Coolness Faktor: 5/5
Bromptons werden 500M gegen den Wind in der Nacht erkannt. An der Rahmenform, dem Geräusch der 3-Gang Nabe und dem Grinsen, das die haben, die auf einem sitzen. Und selbst Unbedarfte staunen über das Faltmaß, darüber, dass ein fast-2-Meter-Mann darauf fahren kann und über die Geschwindigkeit des Bikes. Es ist nicht nur ein Faltrad, es ist ein Way of Life!

Zubehör: 4/5
Das offizielle Zubehörprogramm für Brompton Bikes ist schon recht umfangreich und es gibt einige Taschen, Brompton spezifische Werkzeuge und Gadgets. Das Besondere ist aber, dass durch die Vielzahl an verkauften Brompton auch Dritthersteller Zubehör fürs Brompton anbieten…bis hin zu kompletten Umbausätzen, bei denen nur noch der Grundrahmen original bleibt. Allerdings muss fast alles, was ans Brompton gebaut wird, auch Brompton-spezifisch sein. Standard-Fahrradzubehör passt in der Regel nicht.

Parken und Rangieren: 5/5
Das Brompton hat ein fast konkurrenzlos kleines Faltmaß und passt fast überall hin. Und auch wenn man es nicht jedes Mal komplett einfalten möchte, nimmt es nicht viel Platz weg.

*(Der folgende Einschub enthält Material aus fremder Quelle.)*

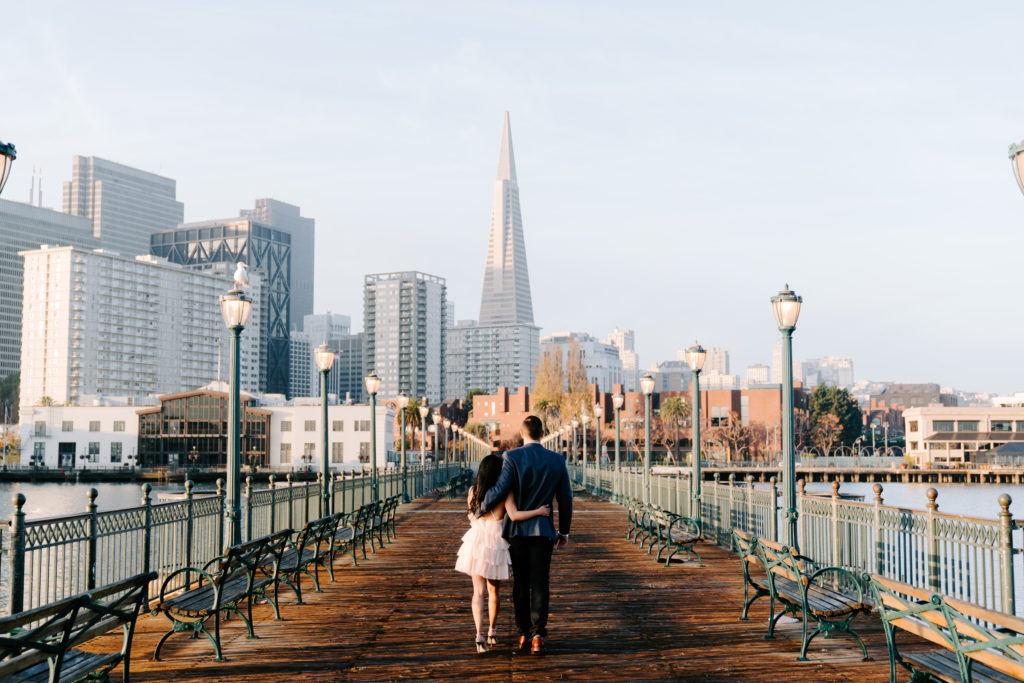 couple walking along pier 7 in SF.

Als Ständerersatz dient der einfaltbare Hinterbau, was aber dann unpraktisch ist, wenn die Fläche auf dem Roller Frame besetzt ist. Auch lässt sich das Brompton hervorragend tragen. Der Hauptrahmen und Sattel sind in einem guten Abstand, sodass das Rad mit dem Sattel auf der Schulter getragen und mit der Hand stabilisiert werden kann. Der Sattel ist auch extra zu diesem Zweck auf der Unterseite gepolstert.

Sicherheit: 1/5
Zwar lässt sich das Brompton mit der passenden Sitzposition sicher im Alltag bewegen, ein paar Kompromisse müssen dennoch eingegangen werden. Durch die E-Bike Komponenten schaukelt sich das Rad beim Freihändig fahren schnell auf und wirkt auch bei der Bedienung mit einer Hand etwas nervös. Und auch mit den kleinen, schmalen Rädern müssen Kantsteine mit etwas Übung überfahren werden. Die Bremsen brauchen viel Handkraft, verzögern bei Nässe nicht so gut wie im Trockenen und bleiben auch insgesamt hinter Scheibenbremsen zurück. Die Beleuchtung wird in der getesteten Version von dem Hauptakku gespeist und bleiben angeschaltet, wenn der Motor durch einen leeren Akku nicht mehr unterstützt. Allerdings ist der Scheinwerferkegel und -helligkeit eher dürftig. Auch die Rückleuchte ist niedrig montiert, leuchtet aber gut sichtbar.

Gesamtscore: 35/50

Fazit:

Das Brompton P-Line Electric mit der 12-Gang Schaltung ist ein faszinierendes Rad. Brompton hat es geschafft, eine Schaltung mit einer hohen Bandbreite in das bestehende Konzept zu integrieren und geht auch keine Kompromisse in der Faltbarkeit ein. Die Kompromisse müssen dann von den Besitzer:innen gemacht werden, aber betrachtet man die Anzahl der verkauften Brompton, scheint das nicht schlimm zu sein.
Nach mehreren Wochen der Nutzung habe ich mich an die Besonderheiten gewöhnt und genoss jeden Kilometer mit dem Bike. Die P-Line Electric mit der 12-Gang Schaltung würde ich jedoch kaum jemandem empfehlen. Die C-Line mit der 6-Gang Schaltung wird für die allermeisten Szenarien mehr als ausreichen und wenn ihr in einer flacheren Gegend wohnt, passte auch die 4-Gang Schaltung. Der Motor an sich ist eine echte Bereicherung für dieses Rad, denn so können gerade Strecken, für die das Brompton gedacht ist, wenig schweißtreibend zurückgelegt werden. Duschen vor dem Meeting gehört dann der Vergangenheit an.
Je kleiner ein Faltrad sein soll, desto mehr Kompromisse müssen eingegangen werden. Das Brompton reitet auch nach knapp 40 Jahren erfolgreich auf dieser Rasierklinge.

* Brompton hat mir das Rad zur Verfügung gestellt und das Video unterstützt. Auf unsere Meinungsäußerung, die Gestaltung der Videos und die Erstellung dieser Bewertung hat dies keinen Einfluss. Wir sind herstellerneutral.